Reputation: 125
I am trying to clean a very large data frame in Pandas.
I have columns labeled currentAge, currentAge2, sex, sex2, height, height2, weight, weight2. For some rows there is a value for currentAge and for other rows there is NaN for currentAge2. It can also go the other way where for some rows there is a value for currentAge2 and NaN for currentAge. This is true for the other metrics sex, weight, and height.
I want to merge the common metrics together like currentAge and currentAge2 so that there is one column currentAge with no NaNs.

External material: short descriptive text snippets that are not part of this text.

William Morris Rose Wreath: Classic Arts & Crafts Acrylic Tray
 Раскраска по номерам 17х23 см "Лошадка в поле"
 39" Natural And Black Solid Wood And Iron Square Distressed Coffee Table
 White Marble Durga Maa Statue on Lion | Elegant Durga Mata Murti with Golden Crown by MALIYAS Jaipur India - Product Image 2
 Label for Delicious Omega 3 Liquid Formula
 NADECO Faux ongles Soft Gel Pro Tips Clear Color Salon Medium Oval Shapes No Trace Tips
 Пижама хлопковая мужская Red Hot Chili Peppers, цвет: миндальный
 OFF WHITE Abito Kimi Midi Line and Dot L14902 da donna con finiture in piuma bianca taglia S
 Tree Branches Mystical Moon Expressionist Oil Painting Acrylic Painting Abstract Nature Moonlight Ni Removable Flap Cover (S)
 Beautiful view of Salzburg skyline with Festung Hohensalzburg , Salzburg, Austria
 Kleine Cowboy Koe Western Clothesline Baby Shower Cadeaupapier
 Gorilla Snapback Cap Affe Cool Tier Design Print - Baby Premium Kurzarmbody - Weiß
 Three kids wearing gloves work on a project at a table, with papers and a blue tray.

How would I go about doing this?
Upvotes: 0
Views: 67
Reputation: 29635
You need to use fillna
. Let's consider this dataframe were some age are in column currentAge and other in currentAge2:
df = pd.DataFrame({'currentAge':[np.nan, 12, 15, 16, np.nan],
'currentAge2':[8, np.nan, np.nan, np.nan, 24]})
currentAge currentAge2
0 NaN 8.0
1 12.0 NaN
2 15.0 NaN
3 16.0 NaN
4 NaN 24.0
what you can do is then: df['currentAge'] = df['currentAge'].fillna(df['currentAge2'])
to fill all nan
in the first column by the values from the second, and then you get:
currentAge currentAge2
0 8.0 8.0
1 12.0 NaN
2 15.0 NaN
3 16.0 NaN
4 24.0 24.0
To remove the column currentAge2, then do df = df.drop('currentAge2',1)
and you will have a simple column currentAge filled.
Upvotes: 2